In 2004, Dutch photographer Rob Hornstra moved to the Ondiep district in Utrecht, where he regularly photographed his now deceased neighbor: Kid. This resulted in the project Man Next Door.The first time that Hornstra meets Kid is during his move in 2004. Kid appeared at his doorstep, shirtless, questioning what Hornstra was doing there.
From that moment on, Kid regularly keeps an eye out for his neighbor while Hornstra is abroad on projects. In return, Hornstra also helps his neighbor out: Kid often runs out of phone credit and is able to borrow Hornstra’s phone on several occasions. Hornstra also helps him out with his mail as Kid has reading difficulties. As Kid is diabetic and heavily dependent on alcohol and other substances, domestic life runs silent in Kids house when his wife and his then eight year old son flee to a domestic abuse shelter. During good periods in his life, Kid is at home. This is the place where Hornstra photographs him.
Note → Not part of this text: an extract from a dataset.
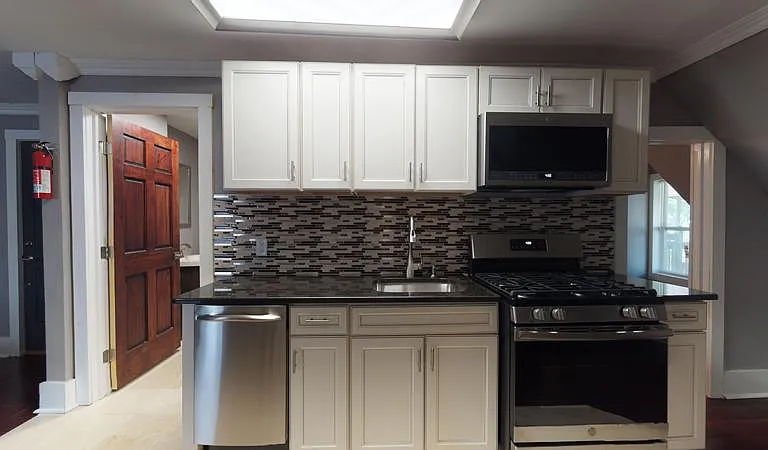 315 S Beech St #12 — Photo 3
When things take a turn for the worse, Kid is wandering about the city center of Utrecht. The photographer doesn’t see Kid as much anymore in the last year of his life. Then, the news reaches him that Kids body has been found between two boats at the Utrecht canals. He was 42 years old.
Man Next Door examines the stigmatisation of the working class while offering a rare insight into the life of a working-class Utrecht boy – a life told through Hornstra’s photographs, Kid’s family snapshots and excerpts from police reports. What emerges is a bewildering picture of Kid’s many personalities, inevitably raising the question: how well do you know the person who lives next door?